🤖 AI Summary
Behavior cloning often fails when a single observation corresponds to multiple valid action modes, a limitation particularly pronounced in action chunking strategies. This work systematically uncovers the underlying failure mechanism, revealing a fundamental trade-off between posterior-prior regularization and mode preservation. We further demonstrate that Lipschitz smoothness of the action-space transport map inherently constrains multimodal expressivity. Through a comparative analysis of latent-variable models and action-space generative models—supported by both theoretical reasoning and empirical validation—we precisely characterize the conditions under which each approach breaks down on synthetic multimodal tasks and robotic simulation benchmarks. Our findings provide principled theoretical insights and practical guidance for designing effective multimodal behavior cloning algorithms.
📝 Abstract
Behavioral cloning becomes difficult when the same observation admits several valid actions. We study this problem for action-chunking policies and show that different multimodal parameterizations fail in different ways. For latent-variable policies, posterior-prior regularization makes deployment-time sampling more reliable, but excessive regularization removes the action-conditioned information needed to distinguish demonstrated modes. Reducing this regularization can preserve mode information, but then success depends on whether the prior covers the relevant latent regions.
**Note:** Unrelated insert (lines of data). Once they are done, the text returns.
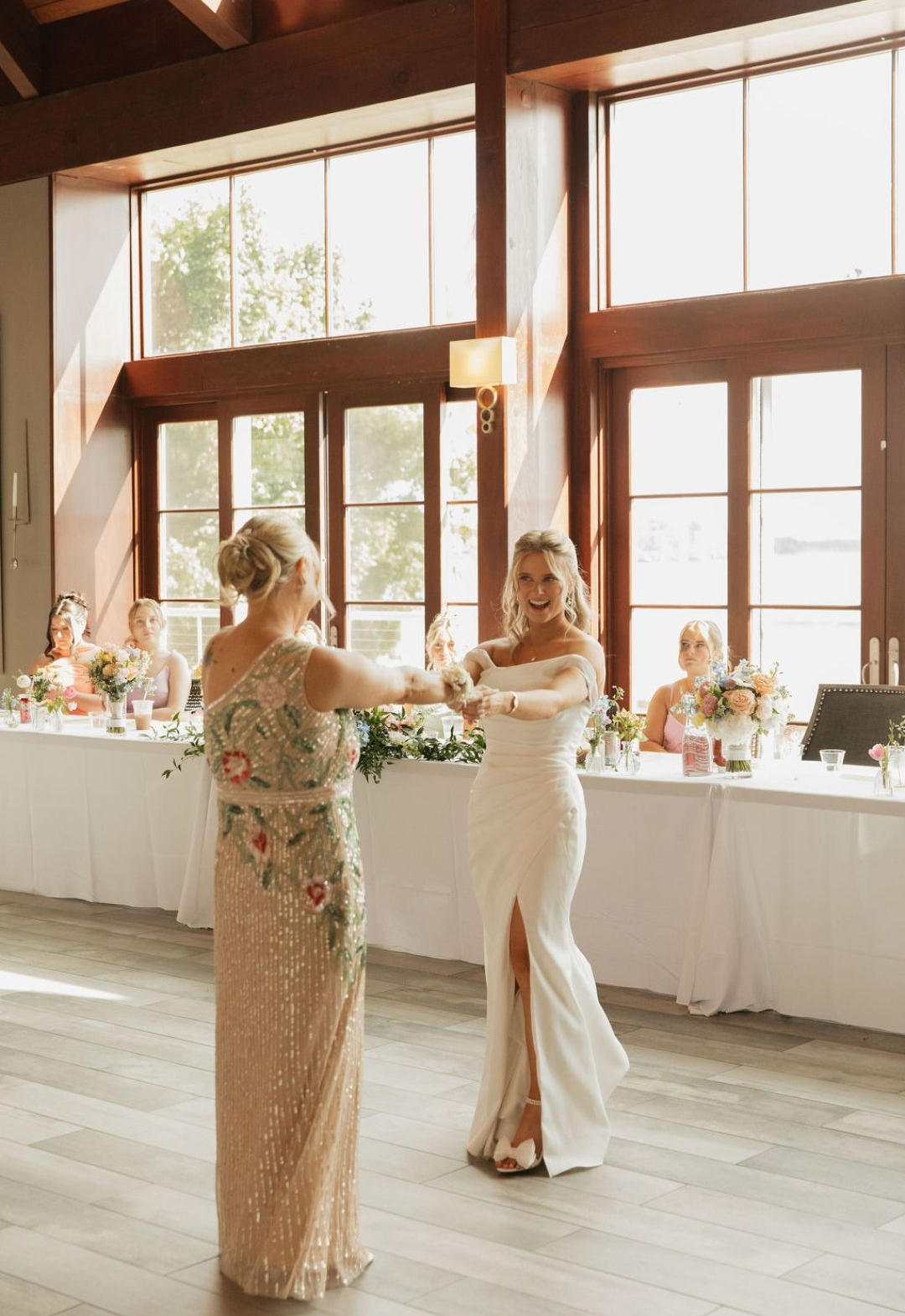 Two women in formal dresses dance at a bright wedding reception with floral tables and tall windows
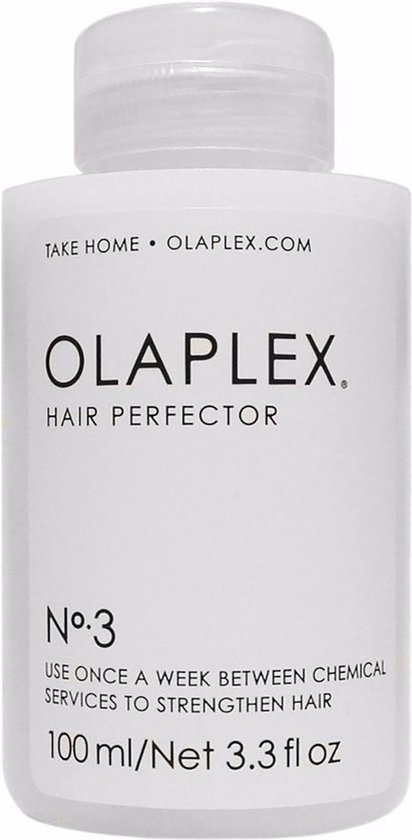 Witte fles Olaplex Hair Perfector No.3 met fliptopdop. Tekst op de fles: 'TAKE HOME OLAPLEX.COM THE ORIGINAL OLAPLEX HAIR PERFECTOR N°.3 USE ONCE A WEEK BETWEEN CHEMICAL SERVICES TO STRENGTHEN HAIR'.
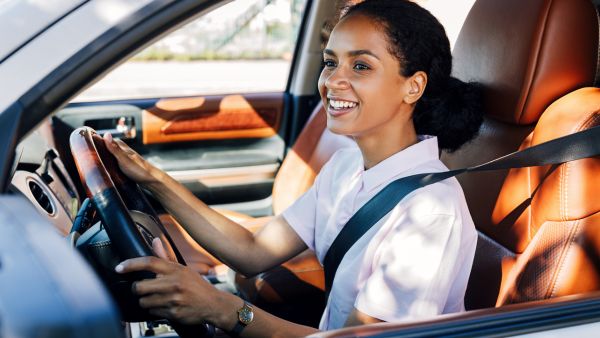 Mulher dirigindo feliz em carro com embreagem em perfeitas condições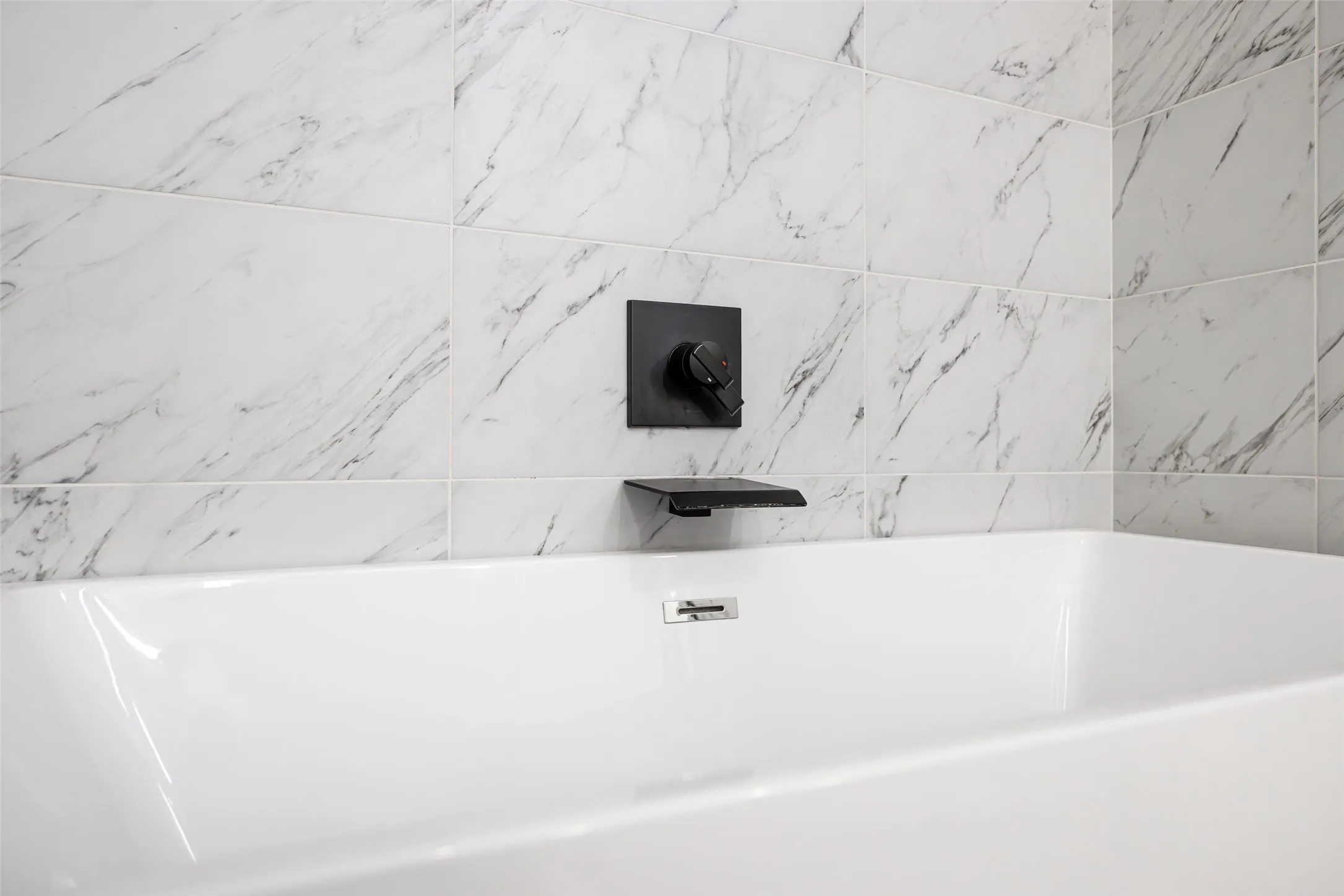 Luxury Waterfall soaking tub in primary bath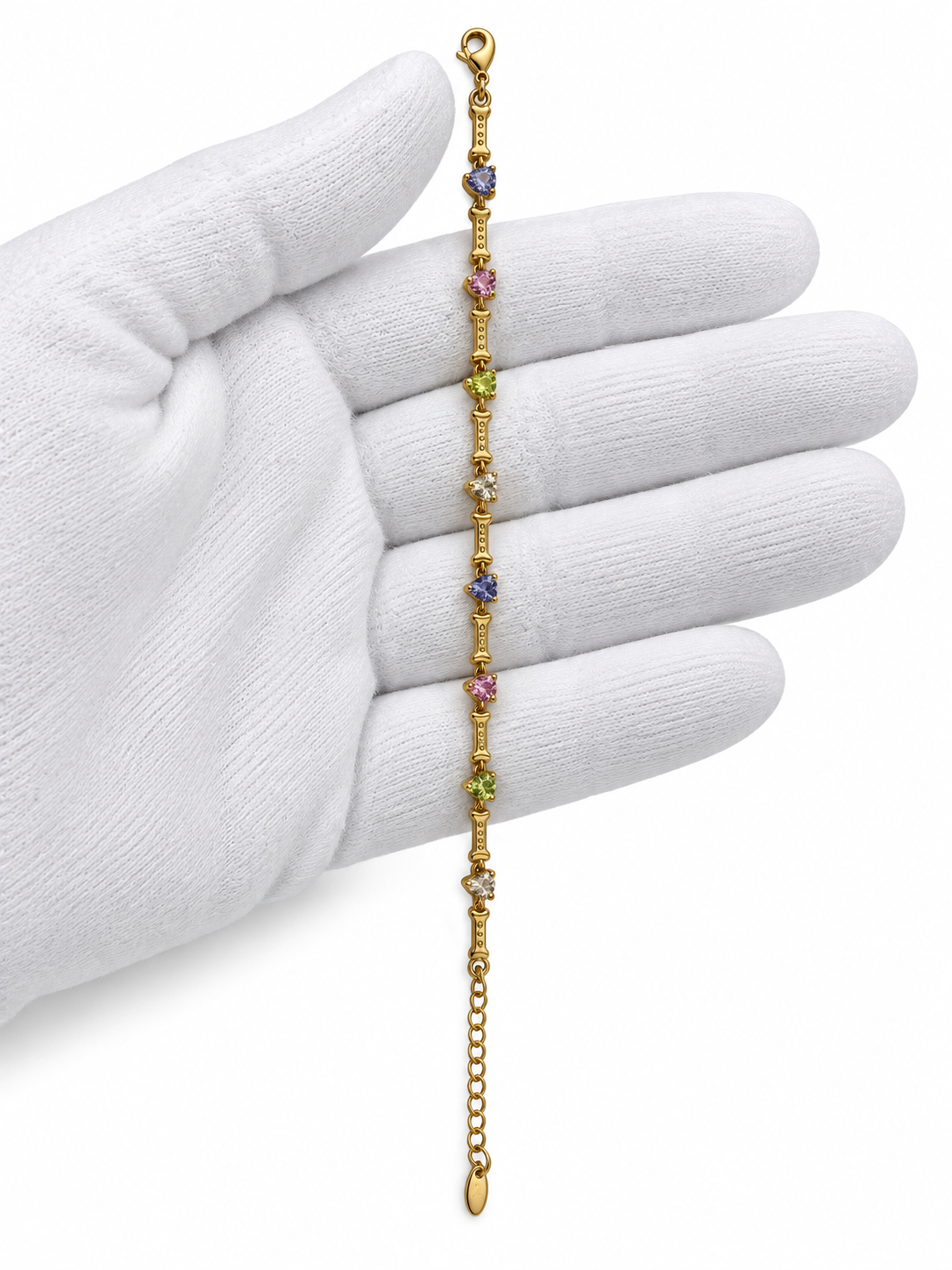 Gold-tone chain bracelet featuring geometric golden links and multicoloured blue, purple, pink, green and clear decorative accents, shown separately and worn on a wrist.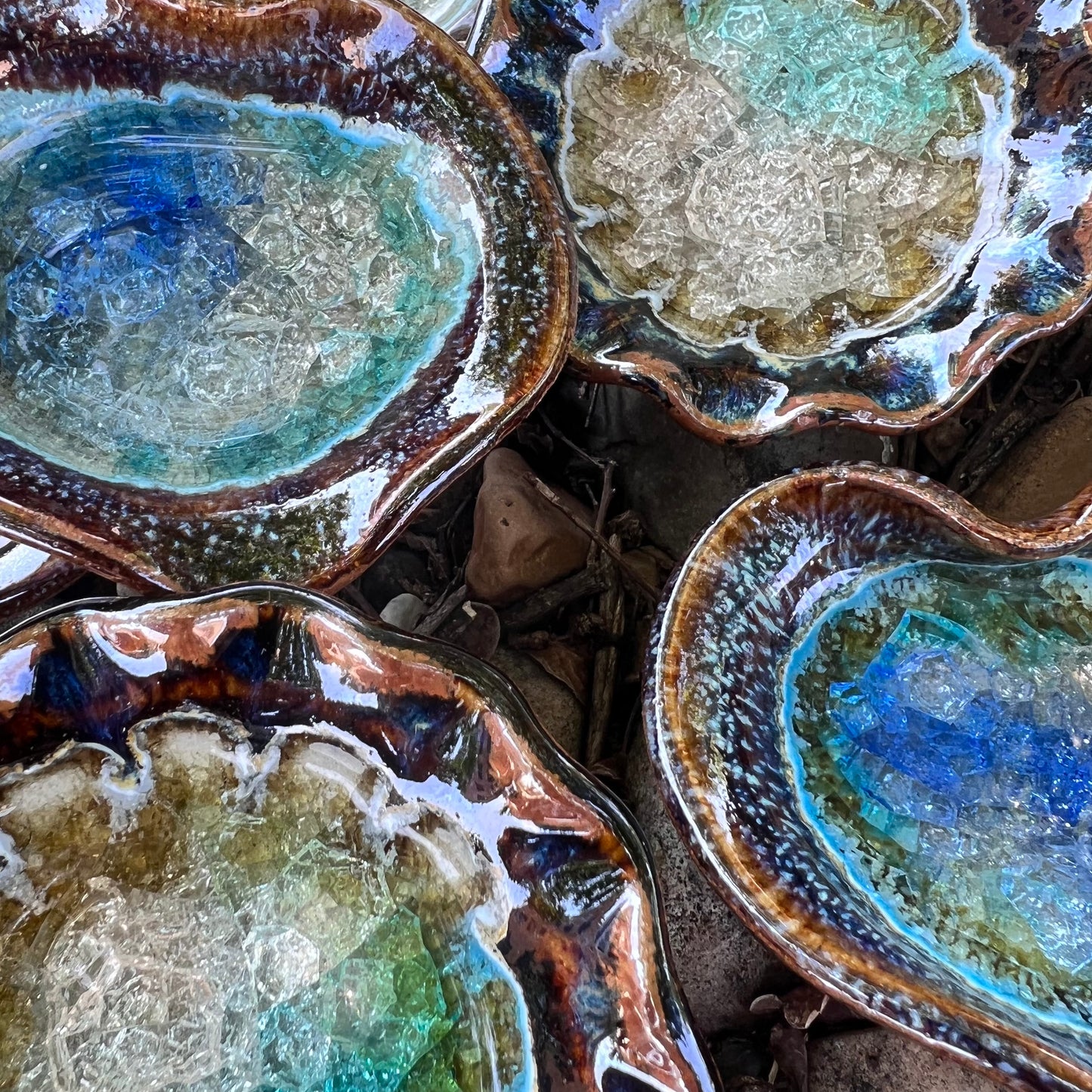 blues and browns heart and round crackled glass displayed on leaves and rocks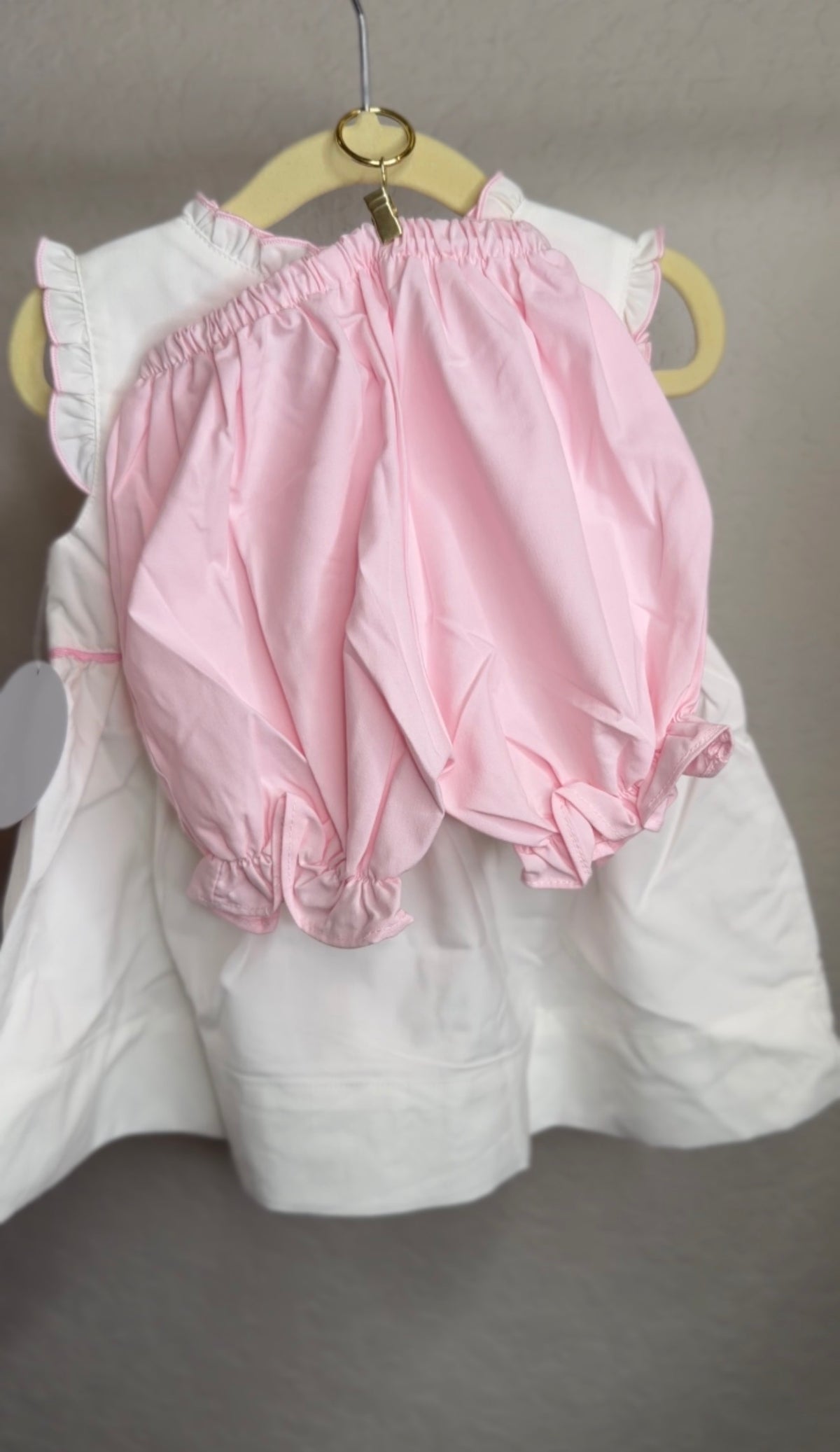 Pink bloomers hanging from a hanger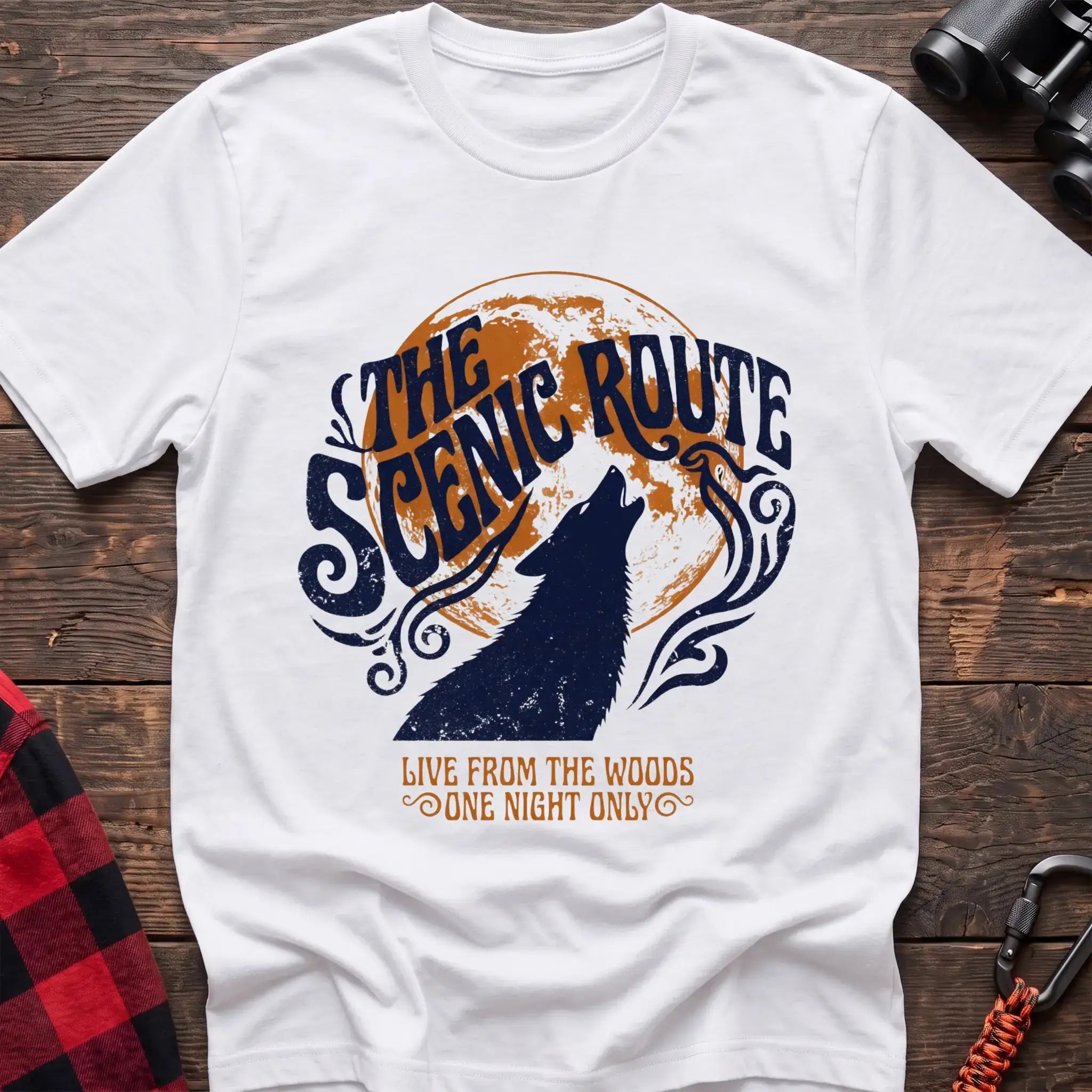White t-shirt with a dark blue howling wolf silhouette against an orange circle, with the arched text “THE SCENIC ROUTE” above and “LIVE FROM THE WOODS / ONE NIGHT ONLY” below, laid flat on a wooden surface.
For action-space generative policies, multimodality is constrained by the smoothness of the base-to-action transport: a map with small Lipschitz constant cannot assign substantial probability to many well-separated modes. Covering many modes therefore requires either sharp transitions in base space or off-support bridge regions in action space. Experiments on synthetic multimodal tasks and robotic simulation benchmarks support these mechanisms.